Alinejad konfrontierte Rivera bei seiner Urteilsverkündung vor einem Bundesgericht in Manhattan. "Jetzt werde ich dem Mörder, meinem Möchtegern-Attentäter, gegenüberstehen", sagte Alinejad vor der Urteilsverkündung laut CBS News. "Aber der Hauptmörder ist in meinen Augen die IRGC (Islamischer Revolutionsgarden)."
Die Staatsanwaltschaft erklärte, Shakeri sei "vom Regime beauftragt worden, ein Netzwerk krimineller Komplizen zu leiten, um die Mordpläne des Iran gegen seine Ziele voranzutreiben", berichtete CBS News. Sie behaupteten, er habe zwei Männer in New York angewiesen, darunter Rivera. Alinejad hat Berichten zufolge drei Anschläge des iranischen Regimes überlebt, um sie zu töten oder zu entführen.
Weitere Nachrichtenentwicklungen
In anderen Nachrichten führte das FBI am Mittwoch einen Durchsuchungsbefehl in einer Wahleinrichtung in Fulton County, Georgia, aus, berichtete CBS News. Agenten wurden beim Betreten und Verlassen des Lagers in der 5600 Campbellton Fairburn Road, dem Standort des Fulton County Elections Hub Operations Center, gesehen. Ein Sprecher des FBI bestätigte, dass die Behörde "eine gerichtlich genehmigte Strafverfolgungsmaßnahme durchführte", gab aber keine weiteren Einzelheiten über die Art der Durchsuchung bekannt. Ein Sprecher des Georgia Bureau of Investigation erklärte, dass seine Behörde nicht an der Operation beteiligt sei. Jessica Corbitt-Dominguez, Sprecherin von Fulton County, sagte, dass sich die Durchsuchung auf Aufzeichnungen im Zusammenhang mit den Wahlen 2020 konzentrierte.
Ebenfalls am Mittwoch stieg die Zahl der Todesopfer des jüngsten Wintersturms, der einen großen Teil der Vereinigten Staaten betrifft, auf mindestens 41, wie CBS News bestätigte. Lokale Beamte meldeten etwa 20 weitere Todesfälle, die offenbar mit dem Winterwetter in Zusammenhang standen. Zu den Todesursachen gehörten Unterkühlung, Autounfälle, Schneepflugunfälle, Schlittenunfälle und Herznotfälle im Zusammenhang mit dem Schneeschippen. Der Bürgermeister von New York City, Zohran Mamdani, sagte, dass in New York City 10 Menschen tot in der Kälte aufgefunden worden seien, obwohl noch nicht alle Todesursachen bestätigt worden seien.
In Minneapolis wurde am Dienstag die Abgeordnete von Minnesota, Ilhan Omar, bei einer Bürgerversammlung mit einer unbekannten Substanz besprüht, berichtete CBS News. Der mutmaßliche Täter, der von der örtlichen Polizei als der 55-jährige Anthony Kazmierczak identifiziert wurde, wurde sofort festgenommen und wegen des Verdachts auf Körperverletzung dritten Grades in das Hennepin County Jail eingeliefert. Die Polizei sagte, Omar sei nicht verletzt worden. Laut CBS News forderte Omar die Abschaffung von ICE und den Rücktritt von Heimatschutzministerin Kristi Noem, als sich der Vorfall ereignete. Die örtliche Polizei sagte, der Verdächtige habe eine Spritze benutzt.

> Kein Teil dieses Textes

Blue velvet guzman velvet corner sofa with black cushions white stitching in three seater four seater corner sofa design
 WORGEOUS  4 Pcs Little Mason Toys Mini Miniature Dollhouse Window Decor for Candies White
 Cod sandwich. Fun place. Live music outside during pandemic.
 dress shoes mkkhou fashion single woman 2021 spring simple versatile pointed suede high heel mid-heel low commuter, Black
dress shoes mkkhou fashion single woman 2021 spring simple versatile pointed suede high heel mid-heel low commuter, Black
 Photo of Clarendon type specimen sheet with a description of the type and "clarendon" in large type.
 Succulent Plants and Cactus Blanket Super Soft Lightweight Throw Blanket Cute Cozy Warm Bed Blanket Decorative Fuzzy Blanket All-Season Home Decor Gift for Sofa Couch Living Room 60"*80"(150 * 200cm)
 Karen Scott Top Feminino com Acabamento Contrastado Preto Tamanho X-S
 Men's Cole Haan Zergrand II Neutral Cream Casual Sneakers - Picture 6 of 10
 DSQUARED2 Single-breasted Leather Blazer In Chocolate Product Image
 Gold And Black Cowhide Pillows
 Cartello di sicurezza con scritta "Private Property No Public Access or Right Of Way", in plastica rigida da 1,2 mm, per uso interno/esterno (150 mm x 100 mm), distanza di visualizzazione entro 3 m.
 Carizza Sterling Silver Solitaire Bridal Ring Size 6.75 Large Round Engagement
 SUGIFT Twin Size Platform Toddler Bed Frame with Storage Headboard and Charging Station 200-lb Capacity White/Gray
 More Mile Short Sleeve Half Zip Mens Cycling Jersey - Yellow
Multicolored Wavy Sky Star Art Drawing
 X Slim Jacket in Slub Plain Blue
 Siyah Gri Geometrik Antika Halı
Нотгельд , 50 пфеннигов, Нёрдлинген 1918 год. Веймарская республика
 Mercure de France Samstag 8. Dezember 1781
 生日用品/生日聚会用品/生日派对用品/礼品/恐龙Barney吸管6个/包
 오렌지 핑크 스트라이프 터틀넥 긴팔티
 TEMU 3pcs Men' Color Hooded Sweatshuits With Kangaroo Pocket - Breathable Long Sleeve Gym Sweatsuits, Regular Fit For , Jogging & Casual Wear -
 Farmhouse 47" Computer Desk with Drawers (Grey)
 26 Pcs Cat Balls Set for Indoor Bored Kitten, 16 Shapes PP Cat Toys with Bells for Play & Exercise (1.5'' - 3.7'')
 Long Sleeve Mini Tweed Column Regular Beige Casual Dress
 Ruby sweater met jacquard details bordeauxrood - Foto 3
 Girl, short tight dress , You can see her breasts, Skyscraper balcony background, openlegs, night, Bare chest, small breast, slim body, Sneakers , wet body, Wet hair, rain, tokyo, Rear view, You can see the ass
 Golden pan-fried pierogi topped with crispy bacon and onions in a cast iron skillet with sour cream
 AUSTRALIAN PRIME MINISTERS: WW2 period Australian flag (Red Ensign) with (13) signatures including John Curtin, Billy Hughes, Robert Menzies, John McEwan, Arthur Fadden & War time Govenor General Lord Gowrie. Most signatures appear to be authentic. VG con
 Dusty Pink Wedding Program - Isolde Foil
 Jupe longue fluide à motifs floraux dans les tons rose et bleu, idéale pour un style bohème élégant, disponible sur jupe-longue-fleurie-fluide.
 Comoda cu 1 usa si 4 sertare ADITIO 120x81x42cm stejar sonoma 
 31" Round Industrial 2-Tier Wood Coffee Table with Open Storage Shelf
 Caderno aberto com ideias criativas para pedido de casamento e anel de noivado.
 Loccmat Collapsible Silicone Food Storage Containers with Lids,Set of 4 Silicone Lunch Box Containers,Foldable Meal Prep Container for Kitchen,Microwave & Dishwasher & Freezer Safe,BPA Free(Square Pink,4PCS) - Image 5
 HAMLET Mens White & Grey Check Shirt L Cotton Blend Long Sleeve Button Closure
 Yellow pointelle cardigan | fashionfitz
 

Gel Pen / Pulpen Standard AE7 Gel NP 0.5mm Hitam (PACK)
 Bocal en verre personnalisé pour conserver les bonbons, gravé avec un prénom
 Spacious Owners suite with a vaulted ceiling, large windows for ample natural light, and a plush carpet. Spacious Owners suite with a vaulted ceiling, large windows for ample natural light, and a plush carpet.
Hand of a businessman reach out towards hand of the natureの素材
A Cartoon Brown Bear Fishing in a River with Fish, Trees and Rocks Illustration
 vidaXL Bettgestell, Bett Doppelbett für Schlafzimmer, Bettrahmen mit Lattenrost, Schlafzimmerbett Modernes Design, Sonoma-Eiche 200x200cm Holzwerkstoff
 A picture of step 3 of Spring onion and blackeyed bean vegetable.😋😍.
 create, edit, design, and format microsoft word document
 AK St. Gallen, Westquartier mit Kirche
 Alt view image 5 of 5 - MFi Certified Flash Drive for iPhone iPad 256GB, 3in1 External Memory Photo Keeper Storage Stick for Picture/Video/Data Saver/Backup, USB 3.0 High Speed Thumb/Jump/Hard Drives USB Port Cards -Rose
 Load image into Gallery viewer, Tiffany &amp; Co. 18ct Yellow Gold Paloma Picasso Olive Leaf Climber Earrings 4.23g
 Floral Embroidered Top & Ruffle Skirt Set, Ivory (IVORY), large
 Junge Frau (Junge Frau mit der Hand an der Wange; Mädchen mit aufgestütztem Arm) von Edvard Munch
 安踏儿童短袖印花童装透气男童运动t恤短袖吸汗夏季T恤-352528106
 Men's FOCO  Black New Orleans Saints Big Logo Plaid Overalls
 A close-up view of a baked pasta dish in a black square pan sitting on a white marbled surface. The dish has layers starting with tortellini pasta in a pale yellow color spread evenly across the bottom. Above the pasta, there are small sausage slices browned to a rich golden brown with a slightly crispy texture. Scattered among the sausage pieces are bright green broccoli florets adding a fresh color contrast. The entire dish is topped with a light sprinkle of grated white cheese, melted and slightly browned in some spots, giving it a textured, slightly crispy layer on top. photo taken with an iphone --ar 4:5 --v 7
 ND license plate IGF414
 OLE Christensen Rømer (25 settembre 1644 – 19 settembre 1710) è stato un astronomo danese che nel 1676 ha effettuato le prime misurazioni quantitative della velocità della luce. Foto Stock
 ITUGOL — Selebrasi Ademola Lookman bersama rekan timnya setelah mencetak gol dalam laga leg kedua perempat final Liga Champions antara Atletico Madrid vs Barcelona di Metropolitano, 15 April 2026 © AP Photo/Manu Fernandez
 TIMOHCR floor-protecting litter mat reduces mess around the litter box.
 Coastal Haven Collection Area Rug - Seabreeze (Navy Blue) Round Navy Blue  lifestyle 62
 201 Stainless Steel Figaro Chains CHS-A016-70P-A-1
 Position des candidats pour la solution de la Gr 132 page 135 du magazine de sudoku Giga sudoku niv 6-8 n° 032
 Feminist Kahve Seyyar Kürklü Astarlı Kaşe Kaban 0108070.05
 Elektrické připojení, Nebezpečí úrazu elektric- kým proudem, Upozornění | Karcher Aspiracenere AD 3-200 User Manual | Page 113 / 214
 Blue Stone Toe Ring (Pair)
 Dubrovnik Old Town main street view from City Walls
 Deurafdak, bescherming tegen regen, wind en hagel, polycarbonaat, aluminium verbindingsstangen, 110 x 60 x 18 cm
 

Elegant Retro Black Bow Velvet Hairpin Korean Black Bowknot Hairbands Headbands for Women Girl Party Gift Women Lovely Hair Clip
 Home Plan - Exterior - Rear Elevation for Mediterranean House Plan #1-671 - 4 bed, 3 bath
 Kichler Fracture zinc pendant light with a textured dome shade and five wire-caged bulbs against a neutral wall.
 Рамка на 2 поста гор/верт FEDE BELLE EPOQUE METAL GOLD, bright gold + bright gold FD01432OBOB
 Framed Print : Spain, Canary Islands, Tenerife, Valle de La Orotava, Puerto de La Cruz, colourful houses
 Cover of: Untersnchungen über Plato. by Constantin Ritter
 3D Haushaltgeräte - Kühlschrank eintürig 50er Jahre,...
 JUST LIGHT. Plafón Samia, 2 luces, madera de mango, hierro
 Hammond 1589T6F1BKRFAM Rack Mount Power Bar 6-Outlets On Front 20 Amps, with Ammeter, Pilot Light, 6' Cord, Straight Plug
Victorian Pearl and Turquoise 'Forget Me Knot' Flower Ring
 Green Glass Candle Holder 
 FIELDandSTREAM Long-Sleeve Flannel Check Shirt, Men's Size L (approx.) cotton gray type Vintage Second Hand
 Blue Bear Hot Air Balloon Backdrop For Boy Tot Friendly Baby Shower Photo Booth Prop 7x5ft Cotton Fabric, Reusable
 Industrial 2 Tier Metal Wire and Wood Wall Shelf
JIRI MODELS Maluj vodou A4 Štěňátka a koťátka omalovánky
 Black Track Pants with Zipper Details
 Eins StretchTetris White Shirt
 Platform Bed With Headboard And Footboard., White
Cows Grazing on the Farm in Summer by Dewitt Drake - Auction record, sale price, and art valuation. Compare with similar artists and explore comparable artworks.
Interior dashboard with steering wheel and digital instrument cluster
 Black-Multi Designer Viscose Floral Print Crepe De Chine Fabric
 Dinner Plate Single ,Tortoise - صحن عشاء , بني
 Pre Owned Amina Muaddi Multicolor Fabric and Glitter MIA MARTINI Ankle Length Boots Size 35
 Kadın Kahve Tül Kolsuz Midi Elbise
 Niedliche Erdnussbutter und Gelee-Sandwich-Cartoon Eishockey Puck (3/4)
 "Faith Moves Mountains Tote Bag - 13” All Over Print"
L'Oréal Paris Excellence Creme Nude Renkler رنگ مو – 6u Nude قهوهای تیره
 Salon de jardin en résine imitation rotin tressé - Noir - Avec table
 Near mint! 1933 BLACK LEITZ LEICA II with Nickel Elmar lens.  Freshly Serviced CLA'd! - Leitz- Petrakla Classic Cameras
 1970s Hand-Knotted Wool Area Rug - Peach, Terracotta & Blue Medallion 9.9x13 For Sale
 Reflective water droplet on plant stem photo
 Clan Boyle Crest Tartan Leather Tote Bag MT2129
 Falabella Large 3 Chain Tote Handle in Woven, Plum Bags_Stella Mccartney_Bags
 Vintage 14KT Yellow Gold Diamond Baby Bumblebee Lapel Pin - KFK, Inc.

CBS News berichtete auch über einen Mann im Iran, der eine gewaltsame Niederschlagung von Demonstranten Anfang Januar beschrieb. Der Mann, der aus Angst vor staatlichen Repressalien anonym blieb, beschrieb ein "Massaker" an regierungsfeindlichen Demonstranten. Er erklärte, dass der 8. und 9. Januar vermutlich die "blutigsten und brutalsten Tage bei der Niederschlagung von Demonstranten durch die Regierung seit ihrer Gründung im Jahr 1979" gewesen seien. Er beschrieb eine Niederschlagung am 9. Januar in der Stadt Yazd.